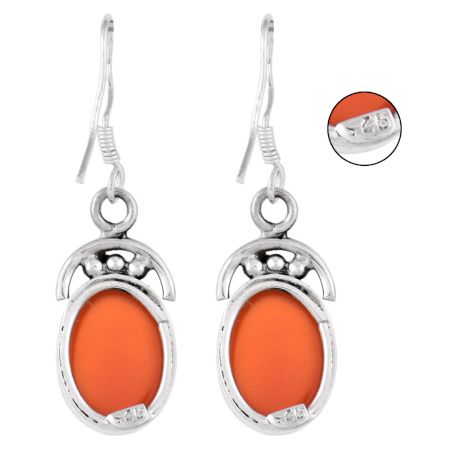 92.5 Sterling Silver Earrings Red Carnelian Crown Design Drop Earring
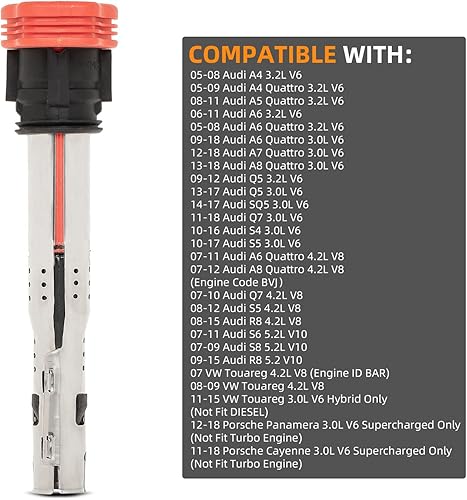Miniatura 3 de Paquete de 8 bobinas de encendido compatibles con A6 A8 Quattro Q7 S5 R8 - VW Touareg V6 V8 V10 Reemplaza# UF529 5C1688 E1029 06E905115E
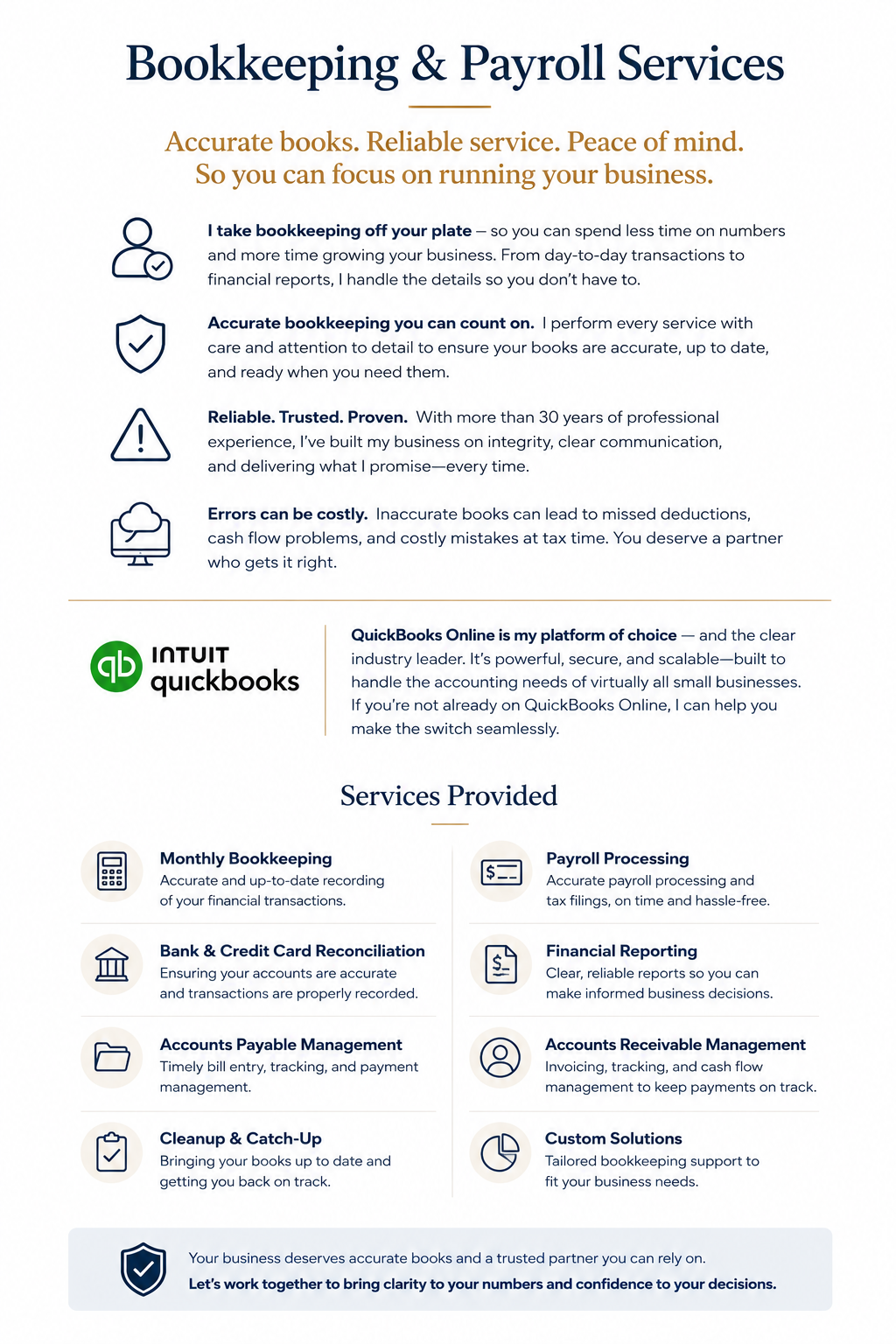 A flyer detailing bookkeeping and payroll services, including features like accurate books, reliable service, and QuickBooks online platform. It lists provided services such as monthly bookkeeping, payroll processing, bank reconciliation, financial reporting, accounts payable and receivable management, and custom solutions, with icons representing each section.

**TO DO**
This task calls for the lines from the line containing "Miniatura 3 de" through the end of the listing, set down exactly and only, with pictures omitted.

**ANSWER FOR THIS EXERCISE**
Miniatura 3 de Paquete de 8 bobinas de encendido compatibles con A6 A8 Quattro Q7 S5 R8 - VW Touareg V6 V8 V10 Reemplaza# UF529 5C1688 E1029 06E905115E
 A flyer detailing bookkeeping and payroll services, including features like accurate books, reliable service, and QuickBooks online platform. It lists provided services such as monthly bookkeeping, payroll processing, bank reconciliation, financial reporting, accounts payable and receivable management, and custom solutions, with icons representing each section.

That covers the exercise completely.